I used to be friendly with a movie star (though her career was in a slump at the time I knew her), and once, when we were talking about road rage, she said, “I always feel funny about flipping people off. I think it might be someone who can give me a job.”

For similar reasons, actors tend to be unnaturally upbeat in interviews. What did you think of the director? Oh, he’s great; he’s a genius. And the cast? They were wonderful, all of them; I was in heaven every day on the set.

But actors in private are a different story. I think such-and-such is awful, they’ll tell you; it’s bullshit that he got such great reviews.
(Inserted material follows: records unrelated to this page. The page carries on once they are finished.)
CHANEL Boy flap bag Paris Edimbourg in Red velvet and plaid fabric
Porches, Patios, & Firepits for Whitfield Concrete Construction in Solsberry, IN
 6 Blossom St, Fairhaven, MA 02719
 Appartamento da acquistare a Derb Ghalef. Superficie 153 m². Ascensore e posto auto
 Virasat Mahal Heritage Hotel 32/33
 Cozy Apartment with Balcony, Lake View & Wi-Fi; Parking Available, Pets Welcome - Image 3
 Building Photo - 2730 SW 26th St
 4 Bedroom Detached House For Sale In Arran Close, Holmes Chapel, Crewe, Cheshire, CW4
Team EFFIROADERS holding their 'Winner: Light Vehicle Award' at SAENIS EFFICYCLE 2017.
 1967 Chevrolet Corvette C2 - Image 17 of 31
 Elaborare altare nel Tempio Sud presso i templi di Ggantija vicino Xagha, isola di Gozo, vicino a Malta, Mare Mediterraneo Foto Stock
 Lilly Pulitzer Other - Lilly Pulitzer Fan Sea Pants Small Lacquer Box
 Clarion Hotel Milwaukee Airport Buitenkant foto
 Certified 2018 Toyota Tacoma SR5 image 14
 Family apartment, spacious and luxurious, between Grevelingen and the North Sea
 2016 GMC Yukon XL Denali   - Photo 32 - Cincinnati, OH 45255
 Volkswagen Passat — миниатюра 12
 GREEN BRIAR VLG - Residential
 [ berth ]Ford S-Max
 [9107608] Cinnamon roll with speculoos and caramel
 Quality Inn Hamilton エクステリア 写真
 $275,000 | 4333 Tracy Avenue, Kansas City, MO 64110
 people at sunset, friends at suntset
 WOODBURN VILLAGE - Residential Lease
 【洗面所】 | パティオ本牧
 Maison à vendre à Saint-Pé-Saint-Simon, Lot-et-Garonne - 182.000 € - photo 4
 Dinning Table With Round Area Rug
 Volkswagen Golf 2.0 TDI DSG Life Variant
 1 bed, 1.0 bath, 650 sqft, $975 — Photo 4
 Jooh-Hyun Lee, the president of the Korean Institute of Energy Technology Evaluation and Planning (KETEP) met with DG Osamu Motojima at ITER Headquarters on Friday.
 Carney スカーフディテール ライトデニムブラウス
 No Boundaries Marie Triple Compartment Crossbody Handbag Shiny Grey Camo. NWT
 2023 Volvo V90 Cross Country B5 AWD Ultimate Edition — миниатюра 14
Of course, it also works the opposite way: actors love as much as they hate, though they might not want their enthusiasms broadcast, knowing how easily they can be misconstrued.

When I was about to publish my novel, Banned for Life, I had a number of exchanges with Jonathan Evison, whose counsel I sought with regard to promotion, among other matters. He was aware of certain aspects of my past, and he advised me to be forthcoming about them, since to do otherwise, he said, would amount to breaking faith with readers.

Jonathan is a wise man, but I regarded Banned as my child, and so wanted to shield it from the sins of its father. I imagined dismissive reviews based less on the book and more on my rap sheet, as well as sneering remarks posted on message boards. Paranoia? But I’ve been the target of such remarks, and I wanted to give Banned a running start before falling on my sword.

Now, I figure, the time has come. Banned has barely been noticed since it appeared more than six months ago, and I’ve tested the waters with friends made since, and none have responded as feared.